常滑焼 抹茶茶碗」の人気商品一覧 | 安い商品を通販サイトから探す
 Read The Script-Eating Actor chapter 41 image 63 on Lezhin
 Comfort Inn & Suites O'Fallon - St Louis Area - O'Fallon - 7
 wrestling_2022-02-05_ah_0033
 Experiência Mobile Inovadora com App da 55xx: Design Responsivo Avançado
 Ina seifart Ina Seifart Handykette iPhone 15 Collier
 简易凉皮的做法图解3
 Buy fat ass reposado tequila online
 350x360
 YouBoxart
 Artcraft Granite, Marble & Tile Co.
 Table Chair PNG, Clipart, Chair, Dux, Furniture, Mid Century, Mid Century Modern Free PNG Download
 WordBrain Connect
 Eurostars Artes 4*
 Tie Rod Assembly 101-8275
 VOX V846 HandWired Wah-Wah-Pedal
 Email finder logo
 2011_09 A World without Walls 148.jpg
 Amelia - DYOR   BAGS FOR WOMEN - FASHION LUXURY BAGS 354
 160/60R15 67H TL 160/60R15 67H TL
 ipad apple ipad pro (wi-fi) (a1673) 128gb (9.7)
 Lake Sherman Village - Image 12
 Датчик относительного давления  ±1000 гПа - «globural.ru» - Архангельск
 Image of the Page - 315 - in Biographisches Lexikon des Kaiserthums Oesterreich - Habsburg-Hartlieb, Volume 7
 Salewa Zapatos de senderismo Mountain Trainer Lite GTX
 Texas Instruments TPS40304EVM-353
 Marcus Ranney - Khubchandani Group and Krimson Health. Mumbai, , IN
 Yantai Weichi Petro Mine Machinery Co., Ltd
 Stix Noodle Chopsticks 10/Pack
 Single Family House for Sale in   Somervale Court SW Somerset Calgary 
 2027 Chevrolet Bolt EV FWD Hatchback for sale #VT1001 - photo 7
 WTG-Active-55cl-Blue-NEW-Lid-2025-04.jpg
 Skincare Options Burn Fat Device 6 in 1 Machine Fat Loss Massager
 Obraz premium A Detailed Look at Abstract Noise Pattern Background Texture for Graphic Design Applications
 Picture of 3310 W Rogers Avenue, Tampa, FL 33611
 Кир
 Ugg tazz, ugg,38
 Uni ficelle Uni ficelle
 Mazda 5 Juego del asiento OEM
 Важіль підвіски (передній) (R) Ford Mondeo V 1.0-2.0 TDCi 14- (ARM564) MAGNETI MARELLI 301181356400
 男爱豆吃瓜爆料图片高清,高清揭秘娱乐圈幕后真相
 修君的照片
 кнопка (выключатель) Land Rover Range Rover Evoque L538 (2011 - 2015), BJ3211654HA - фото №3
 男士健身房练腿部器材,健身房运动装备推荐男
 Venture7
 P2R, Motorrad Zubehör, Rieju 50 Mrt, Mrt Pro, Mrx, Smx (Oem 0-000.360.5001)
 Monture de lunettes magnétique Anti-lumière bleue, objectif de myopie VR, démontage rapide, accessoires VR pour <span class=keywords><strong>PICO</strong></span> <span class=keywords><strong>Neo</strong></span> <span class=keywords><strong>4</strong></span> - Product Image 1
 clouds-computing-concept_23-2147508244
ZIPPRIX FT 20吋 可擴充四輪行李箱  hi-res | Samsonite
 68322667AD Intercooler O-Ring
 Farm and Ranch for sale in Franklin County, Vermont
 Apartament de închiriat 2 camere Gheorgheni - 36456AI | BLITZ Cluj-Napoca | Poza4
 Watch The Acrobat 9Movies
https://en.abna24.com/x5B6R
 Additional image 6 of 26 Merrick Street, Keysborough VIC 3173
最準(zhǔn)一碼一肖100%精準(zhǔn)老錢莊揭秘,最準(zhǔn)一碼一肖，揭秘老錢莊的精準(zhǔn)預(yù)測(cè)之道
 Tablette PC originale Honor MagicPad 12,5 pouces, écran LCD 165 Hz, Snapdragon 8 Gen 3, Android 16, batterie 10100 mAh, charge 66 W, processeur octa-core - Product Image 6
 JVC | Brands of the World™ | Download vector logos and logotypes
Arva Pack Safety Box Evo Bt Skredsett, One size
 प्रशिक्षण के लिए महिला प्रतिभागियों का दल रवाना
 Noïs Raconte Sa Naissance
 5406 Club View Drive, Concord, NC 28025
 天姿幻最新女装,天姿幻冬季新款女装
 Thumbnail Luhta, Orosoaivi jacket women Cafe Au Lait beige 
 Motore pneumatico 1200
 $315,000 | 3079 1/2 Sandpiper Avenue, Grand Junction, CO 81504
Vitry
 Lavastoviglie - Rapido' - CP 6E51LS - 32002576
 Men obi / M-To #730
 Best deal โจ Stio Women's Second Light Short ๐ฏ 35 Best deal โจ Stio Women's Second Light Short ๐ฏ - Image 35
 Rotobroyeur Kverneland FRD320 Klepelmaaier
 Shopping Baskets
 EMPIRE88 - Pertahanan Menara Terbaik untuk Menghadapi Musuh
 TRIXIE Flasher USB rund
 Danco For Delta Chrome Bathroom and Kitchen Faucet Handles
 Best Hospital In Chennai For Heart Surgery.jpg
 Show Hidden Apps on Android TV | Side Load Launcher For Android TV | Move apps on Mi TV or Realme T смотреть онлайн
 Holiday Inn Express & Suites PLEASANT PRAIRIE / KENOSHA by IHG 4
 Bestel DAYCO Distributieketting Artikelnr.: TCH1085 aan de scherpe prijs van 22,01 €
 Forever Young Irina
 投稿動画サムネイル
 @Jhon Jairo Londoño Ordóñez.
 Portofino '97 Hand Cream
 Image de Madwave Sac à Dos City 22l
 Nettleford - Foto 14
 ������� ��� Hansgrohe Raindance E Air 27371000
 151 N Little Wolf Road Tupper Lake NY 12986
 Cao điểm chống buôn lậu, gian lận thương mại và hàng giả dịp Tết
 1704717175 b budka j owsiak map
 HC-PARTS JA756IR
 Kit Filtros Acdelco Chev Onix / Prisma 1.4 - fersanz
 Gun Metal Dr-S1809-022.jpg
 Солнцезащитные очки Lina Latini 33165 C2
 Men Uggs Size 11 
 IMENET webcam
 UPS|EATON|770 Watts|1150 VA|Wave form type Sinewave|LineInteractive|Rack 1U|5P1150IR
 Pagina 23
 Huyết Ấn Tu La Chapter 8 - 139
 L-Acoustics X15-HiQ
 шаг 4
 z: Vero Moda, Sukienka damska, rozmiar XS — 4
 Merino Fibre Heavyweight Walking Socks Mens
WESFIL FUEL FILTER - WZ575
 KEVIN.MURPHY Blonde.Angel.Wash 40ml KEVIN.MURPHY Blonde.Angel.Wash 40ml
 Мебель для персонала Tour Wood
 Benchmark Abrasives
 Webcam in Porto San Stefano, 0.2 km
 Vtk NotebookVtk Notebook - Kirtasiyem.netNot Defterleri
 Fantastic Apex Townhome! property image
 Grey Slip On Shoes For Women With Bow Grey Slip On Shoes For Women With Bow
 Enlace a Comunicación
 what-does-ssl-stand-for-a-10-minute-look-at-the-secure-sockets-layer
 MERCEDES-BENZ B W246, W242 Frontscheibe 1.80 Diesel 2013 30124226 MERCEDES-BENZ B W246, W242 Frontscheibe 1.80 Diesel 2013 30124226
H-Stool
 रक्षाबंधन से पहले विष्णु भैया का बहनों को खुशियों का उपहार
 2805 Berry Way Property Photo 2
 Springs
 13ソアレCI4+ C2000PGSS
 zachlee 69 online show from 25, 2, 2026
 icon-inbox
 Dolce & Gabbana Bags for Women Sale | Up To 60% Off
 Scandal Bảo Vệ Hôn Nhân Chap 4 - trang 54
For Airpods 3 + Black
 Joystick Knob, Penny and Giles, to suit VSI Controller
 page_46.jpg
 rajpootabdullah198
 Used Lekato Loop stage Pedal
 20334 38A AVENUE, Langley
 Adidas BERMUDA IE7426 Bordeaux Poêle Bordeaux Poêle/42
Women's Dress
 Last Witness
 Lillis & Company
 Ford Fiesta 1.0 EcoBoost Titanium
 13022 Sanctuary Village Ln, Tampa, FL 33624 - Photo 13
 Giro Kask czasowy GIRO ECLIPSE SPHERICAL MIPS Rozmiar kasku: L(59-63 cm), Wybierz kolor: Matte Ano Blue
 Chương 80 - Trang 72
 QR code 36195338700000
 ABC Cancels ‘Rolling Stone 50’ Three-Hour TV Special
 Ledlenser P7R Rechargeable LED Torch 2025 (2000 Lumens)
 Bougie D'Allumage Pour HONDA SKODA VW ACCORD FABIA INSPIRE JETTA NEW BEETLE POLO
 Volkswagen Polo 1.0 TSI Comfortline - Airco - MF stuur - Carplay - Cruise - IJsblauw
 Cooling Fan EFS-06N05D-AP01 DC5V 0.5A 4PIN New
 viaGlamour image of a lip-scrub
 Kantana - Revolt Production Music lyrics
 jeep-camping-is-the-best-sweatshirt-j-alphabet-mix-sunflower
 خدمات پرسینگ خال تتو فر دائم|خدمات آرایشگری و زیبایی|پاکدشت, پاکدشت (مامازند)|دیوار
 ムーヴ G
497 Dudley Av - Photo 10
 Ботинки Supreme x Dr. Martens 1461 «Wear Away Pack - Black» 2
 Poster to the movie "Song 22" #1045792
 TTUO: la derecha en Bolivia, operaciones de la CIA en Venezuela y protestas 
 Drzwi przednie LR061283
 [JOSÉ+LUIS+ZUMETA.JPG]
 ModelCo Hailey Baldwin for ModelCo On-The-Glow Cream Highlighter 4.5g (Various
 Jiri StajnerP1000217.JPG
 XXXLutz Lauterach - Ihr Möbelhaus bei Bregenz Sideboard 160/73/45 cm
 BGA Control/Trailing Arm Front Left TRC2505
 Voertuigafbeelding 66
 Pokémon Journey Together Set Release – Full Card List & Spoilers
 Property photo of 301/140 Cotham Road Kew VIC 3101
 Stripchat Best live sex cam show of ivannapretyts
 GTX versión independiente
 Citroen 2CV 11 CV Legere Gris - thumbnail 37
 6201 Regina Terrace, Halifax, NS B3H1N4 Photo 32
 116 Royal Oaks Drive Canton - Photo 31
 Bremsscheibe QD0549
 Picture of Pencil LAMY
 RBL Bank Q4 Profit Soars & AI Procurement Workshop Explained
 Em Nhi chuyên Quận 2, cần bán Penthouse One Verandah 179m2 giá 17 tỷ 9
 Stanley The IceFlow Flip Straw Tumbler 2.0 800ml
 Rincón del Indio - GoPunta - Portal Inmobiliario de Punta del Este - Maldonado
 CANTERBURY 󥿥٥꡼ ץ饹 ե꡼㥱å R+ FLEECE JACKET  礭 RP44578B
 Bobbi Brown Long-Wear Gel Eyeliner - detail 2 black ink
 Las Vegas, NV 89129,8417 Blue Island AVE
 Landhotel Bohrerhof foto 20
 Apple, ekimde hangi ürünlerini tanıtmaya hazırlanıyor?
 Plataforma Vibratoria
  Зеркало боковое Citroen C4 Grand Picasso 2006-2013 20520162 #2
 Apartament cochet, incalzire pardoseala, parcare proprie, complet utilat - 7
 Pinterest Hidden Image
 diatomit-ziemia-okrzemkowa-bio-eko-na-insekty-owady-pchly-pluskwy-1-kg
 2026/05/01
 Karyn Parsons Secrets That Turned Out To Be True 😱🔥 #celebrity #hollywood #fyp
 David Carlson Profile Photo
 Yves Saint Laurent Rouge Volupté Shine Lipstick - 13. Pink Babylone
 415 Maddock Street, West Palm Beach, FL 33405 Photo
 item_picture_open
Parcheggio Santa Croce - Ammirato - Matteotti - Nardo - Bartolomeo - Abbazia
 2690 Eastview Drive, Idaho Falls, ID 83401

### Task item
Find the word "Suites" in the entries and show each line where it is found.

### Response area
 Comfort Inn & Suites O'Fallon - St Louis Area - O'Fallon - 7
 Holiday Inn Express & Suites PLEASANT PRAIRIE / KENOSHA by IHG 4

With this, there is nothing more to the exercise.